= Lev Britanishsky =

Lev Romanovich Britanishsky (Russian: Лев Романович Британишский; 1897–1971) was a Soviet Russian painter and graphic artist.

He was born in Kronstadt. His father Ruvel Britanishsky was a fashionable goldsmith in Kronstadt, and his ancestors were craftsmen originally from Vilna Governorate. His wife Francis Osinsky came from a family of Polish noblemen also from Vilna.

Following his studies at the gymnasium, he entered the Art School of Baron Alexander Stieglitz. He also studied under Pavel Chistyakov for several years. He entered the Academy of Arts in 1918, where he was taught by Kuzma Petrov-Vodkin. He graduated from the Academy in 1923. He also took porcelain painting lessons from Sergey Chekhonin in the 1920s. From 1926, he was a member of the Circle of Artists group, and participated in exhibitions of the Circle. He joined the Union of Artists in 1932.

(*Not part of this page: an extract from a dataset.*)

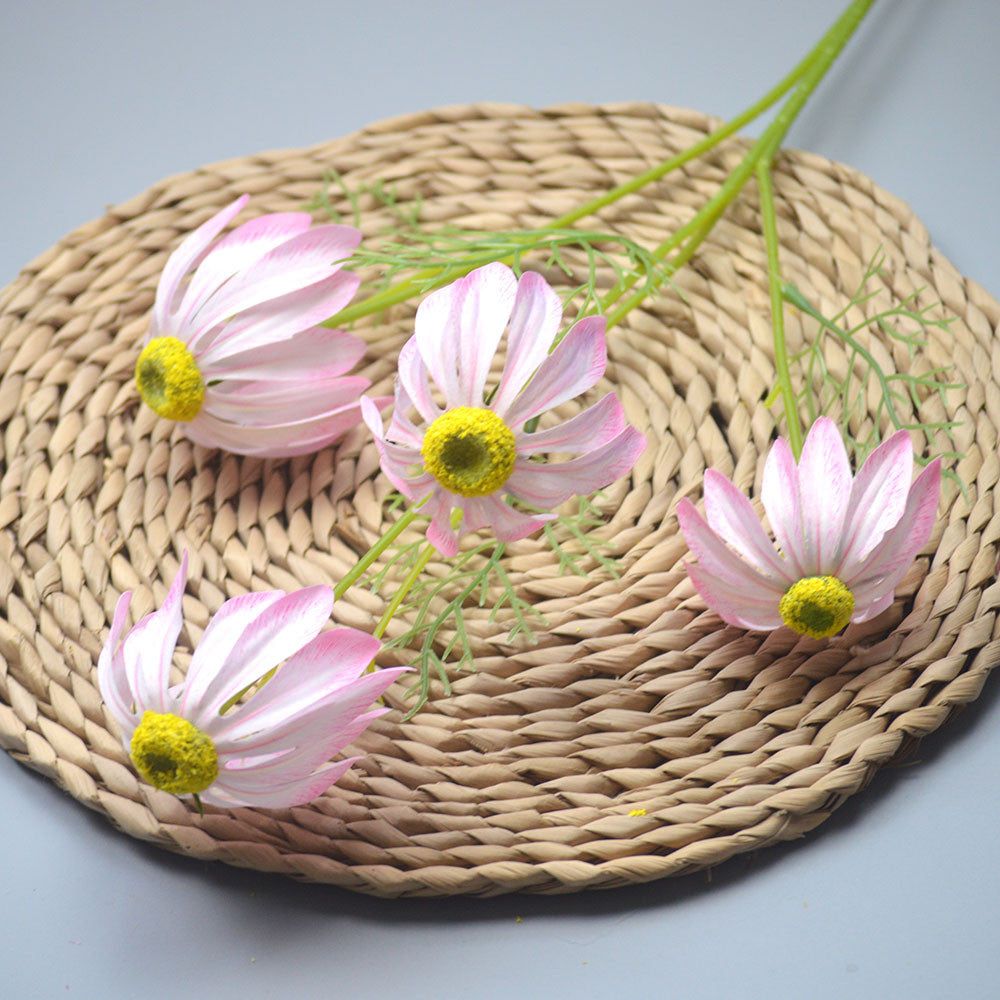 C15 HUWE 75cm Artificial Bunga Krisan Diameter 6cm Palsu Plastik Buatan Imitasi Hias Dekor Buket Bouquet Rumah Pesta/Bunga Hias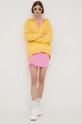 Femi Stories bluza bawełniana Felicia FELICIA.JYLW żółty SS22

During World War II, he participated in the rescue of treasures from the Hermitage Museum (1941), before being evacuated to Sverdlovsk in March 1942, where he taught at the Ural State University (1943–1944). He returned to Leningrad after the war. He was named as an Honored Artist of the Russian SFSR in 1967.

He died in 1971. He was the father of the poet Vladimir Britanishsky.